He's an icon in the gaming industry for certain, what with being the main author behind two games often brought up as the best-written games of all time in Fallout 2 and Planescape: Torment (KOTOR 2 as well, I guess). Then again, so is Josh for that matter.

 

9 hours ago, bugarup said:

Yeah, that. The subset of grogs with BG2 as their supreme deity who also are eager to blow Avellone in the narrow alley next to the dumpster anytime cannot be that big. Contrary to what the codex might think, game devs <> Hollywood A listers and their names aren't a bankable asset.

...well, save for some of guys from Japan, I guess, who do stuff like "So and so's The Game: the Electric Hullabaloo". But Japan is weird like that. 

 

yeah, I think "being an icon in the PC gaming" industry is like being a D-list celebrity in Hollywood. I know who Avellone, Sawyer, Feargus, Tim Cain, etc. are because I played lots of PC games in the 90s/early 2000s (not to mention John Carmack, American McGee, and... ugh... John Romero). But PC games are tiny market compared to the video game market at large - afaict AAA tiles bank most of their sales from consoles and PC is just a fraction.
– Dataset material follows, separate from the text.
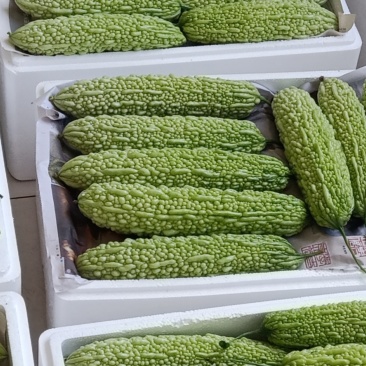 寿光源头供应苦瓜，大量现货，电商供应品质保证大量现货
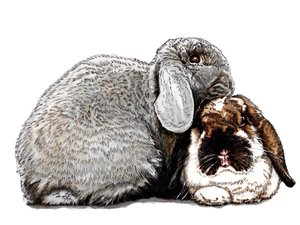 Tænker på Bunnies on White, 2020 af Mike Davis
It's one thing to try to bank your game sales on Chris Avellone or Tim Cain, it's a whole other thing on Kojima (Death Stranding) or Miyamoto (all Mario).

I do think it matters a bit for PC games (hence my "hundreds of sales" comment) - the fact that Avellone and Sawyer were on PoE1 was what first piqued my interest in kickstarter at all, since I recognized their names from Black Isle Studios, but I hardly doubt it matters to the degree that you can move mountains.